Influence of exercise training on glycemic variability
In the previous section, a single exercise session or repeated exercise sessions were shown to improve the glycemic profile, the glycemic response, and glycemic variability that occur throughout the day. Additional long-term adaptations and enduring improvements in glucose metabolism occur due to regular/habitual/chronic exercise participation. Exercise training-induced improvements in glycemic control are primarily explained by increases in glucose disposal and insulin sensitivity.65 Yet, these physical activity and exercise adaptations are reversible, and the effects of detraining begin within 5–10 days after cessation of exercise.49 Therefore, general involvement and, more importantly, continued regular exercise participation are necessary to impact long-term glycemic health.
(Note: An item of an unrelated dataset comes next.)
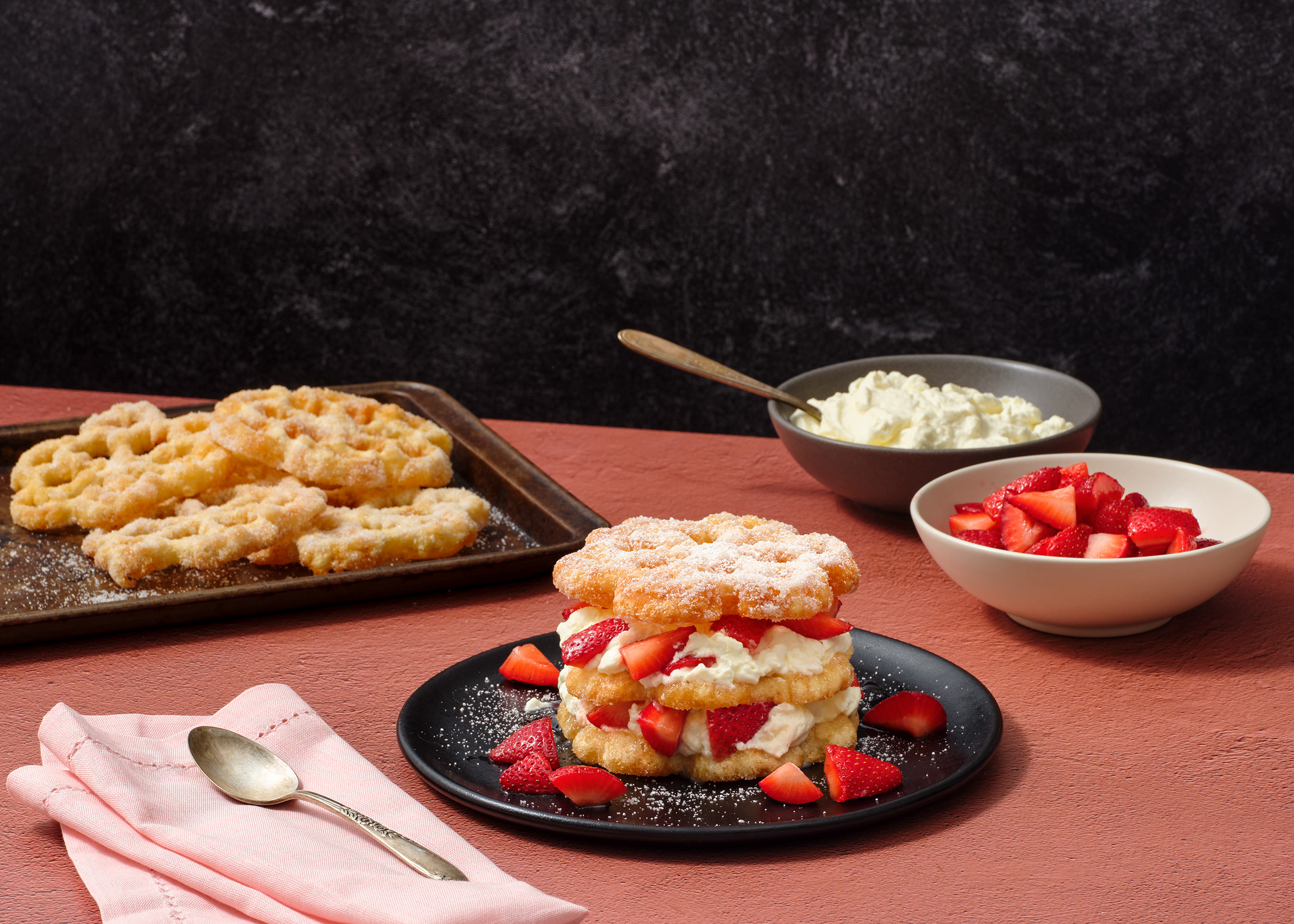 Buñuelos de Viento con Crema Batida y Fresas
Epidemiological studies show that regular exercise participation reduces the risk of developing non-insulin-dependent diabetes.66, 67, 68 More than 35 years ago Holloszy et al.69 published data showing that a decline in glucose tolerance and insulin sensitivity is prevented by performing regular exercise. Further, prolonged and frequent exercise participation has been shown to normalize glucose tolerance by decreasing insulin resistance in individuals having impaired glucose tolerance.69 However, to date, few published studies have evaluated changes in glycemic variability following exercise training as opposed to general exercise participation. Because limited published findings are available, exercise training interventions of a week or greater are included in this section (Table 4).
Table 4.
Author (publication date) | Study design | Primary findings | Conclusion | Strengths and limitations |
---|---|---|---|---|
Type 2 diabetes | ||||
Mikus CR et al. (2012)70 | Clinical controlled trial; n = 13 7-day moderate-intensity continuous aerobic exercise training program |
Glucose concentrations and number of glucose excursions decreased over the final 3 days following the 7-day exercise training compared to 3 days of habitual activity. | 7 days of aerobic exercise training reduces postprandial glucose and glycemic control in free-living individuals with type 2 diabetes. |
Strengths: Controlled exercise setting Limitations: Small sample size; volume of exercise performed was above recommended guidelines |
Kartstoft K et al. (2013)71 | Randomized clinical trial performed over 4 months (16 weeks); total n = 32; control group n = 8; continuous-walking group n = 12; interval-walking group n = 12 Habitual daily activity; continuous-walking; interval-walking group |
24-h mean, and minimum glucose concentrations increased in the control group, while 24-h mean, and maximum glucose concentrations decreased in the interval-walking group only. | Continuous-walking exercise may offset the deleterious effects of no exercise, while interval-walking exercise may superiorly improve measures of glucose concentrations in type 2 diabetic adults. |
Strengths: Extended exercise intervention; inclusion of a control group; applicable to a free-living condition for exercise and glucose control Limitations: Small sample size; limited to type 2diabetic adults |
Francois ME et al. (2017)72 | Proof-of-concept, double-blind, randomized clinical trial; n = 53 3 days per week for 12 weeks of high-intensity interval training (HIIT); resistance and aerobic-based exercised |
There was a significant decrease in glycemic control (HbA1c), as well as 24-h mean glucose concentration, SD of the 24-h mean glucose concentration, and MAGE. | Twelve weeks of low-volume HIIT improved glycemic control and glycemic variability. |
Strengths: Standardized 12-week HIIT exercise program Limitations: Older sample limited to type 2 diabetic adults; unable to account for participant characteristics differences |
Table 4 presents studies that provided information regarding the influence of exercise training on glycemic control and glycemic variability in type 2 diabetic adults. The table includes: 1) author information; 2) study design; 3) findings related to the alterations in glycemic control and glycemic variability; 4) conclusions derived from the findings on changes in glycemic control and glycemic variability; 5) strength and limitations of each study.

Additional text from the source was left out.